Two key Brexit-related Bills were introduced into Parliament in November: the Taxation (Cross-border Trade) Bill 2017-19 and the Trade Bill 2017-2019. David Davis also announced that a Withdrawal Agreement and Implementation Bill (which will implement into UK law the major policies in any withdrawal agreement agreed between the UK and the EU) will be brought forward once the UK has reached an agreement with the EU.

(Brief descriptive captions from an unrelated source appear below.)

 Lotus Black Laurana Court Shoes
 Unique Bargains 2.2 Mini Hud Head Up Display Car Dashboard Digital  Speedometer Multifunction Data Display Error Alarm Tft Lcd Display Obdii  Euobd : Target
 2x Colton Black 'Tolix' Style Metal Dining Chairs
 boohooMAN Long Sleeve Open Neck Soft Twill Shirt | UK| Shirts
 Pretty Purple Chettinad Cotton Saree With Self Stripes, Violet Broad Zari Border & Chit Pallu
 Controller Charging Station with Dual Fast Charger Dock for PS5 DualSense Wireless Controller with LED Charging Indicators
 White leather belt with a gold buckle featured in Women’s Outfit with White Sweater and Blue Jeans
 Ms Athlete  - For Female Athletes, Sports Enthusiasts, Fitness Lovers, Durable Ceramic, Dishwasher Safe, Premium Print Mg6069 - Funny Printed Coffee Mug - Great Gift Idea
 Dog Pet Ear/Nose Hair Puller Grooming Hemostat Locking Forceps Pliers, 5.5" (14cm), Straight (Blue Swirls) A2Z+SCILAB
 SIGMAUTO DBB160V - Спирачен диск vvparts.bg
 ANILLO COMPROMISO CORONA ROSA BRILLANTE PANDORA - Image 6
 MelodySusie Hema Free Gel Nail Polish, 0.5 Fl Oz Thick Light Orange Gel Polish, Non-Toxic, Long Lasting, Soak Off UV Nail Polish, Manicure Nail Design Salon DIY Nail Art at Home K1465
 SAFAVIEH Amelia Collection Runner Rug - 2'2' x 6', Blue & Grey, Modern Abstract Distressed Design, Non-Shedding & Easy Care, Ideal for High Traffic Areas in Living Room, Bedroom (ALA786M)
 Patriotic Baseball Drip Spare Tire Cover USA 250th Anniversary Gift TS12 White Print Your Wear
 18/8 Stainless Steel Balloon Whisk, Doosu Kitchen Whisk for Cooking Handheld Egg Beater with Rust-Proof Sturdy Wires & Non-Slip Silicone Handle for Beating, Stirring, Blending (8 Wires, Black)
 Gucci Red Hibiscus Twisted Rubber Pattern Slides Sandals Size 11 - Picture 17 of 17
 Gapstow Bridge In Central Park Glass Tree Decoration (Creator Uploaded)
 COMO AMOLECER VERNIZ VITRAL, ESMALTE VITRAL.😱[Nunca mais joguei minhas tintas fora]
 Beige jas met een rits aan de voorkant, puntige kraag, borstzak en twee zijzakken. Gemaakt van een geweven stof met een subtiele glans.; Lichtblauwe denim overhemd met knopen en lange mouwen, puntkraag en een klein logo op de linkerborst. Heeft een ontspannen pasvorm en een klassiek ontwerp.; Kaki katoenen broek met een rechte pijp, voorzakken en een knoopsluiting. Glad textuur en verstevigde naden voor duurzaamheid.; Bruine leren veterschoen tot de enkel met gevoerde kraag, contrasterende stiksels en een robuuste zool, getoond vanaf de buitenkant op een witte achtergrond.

Taxation (Cross-border Trade) Bill 2017-19
One of the government’s key Brexit Bills, the Taxation (Cross-border Trade) Bill 2017-19, was introduced into Parliament towards the end of November. Parts 1 and 2 of the Bill provide for a new standalone customs regime, which is largely based on existing EU law that is directly applicable in the UK. This legislative framework covers a “contingency scenario” in which no agreement is reached and also builds in flexibility to cater for the range of possible Brexit negotiated outcomes, including an implementation period.
Trade Bill 2017-2019
A new Brexit-related Trade Bill was introduced into Parliament on 7 November. The government states that the Bill will, among other things, create powers to assist in the transition of over 40 existing trade agreements between the EU and other countries.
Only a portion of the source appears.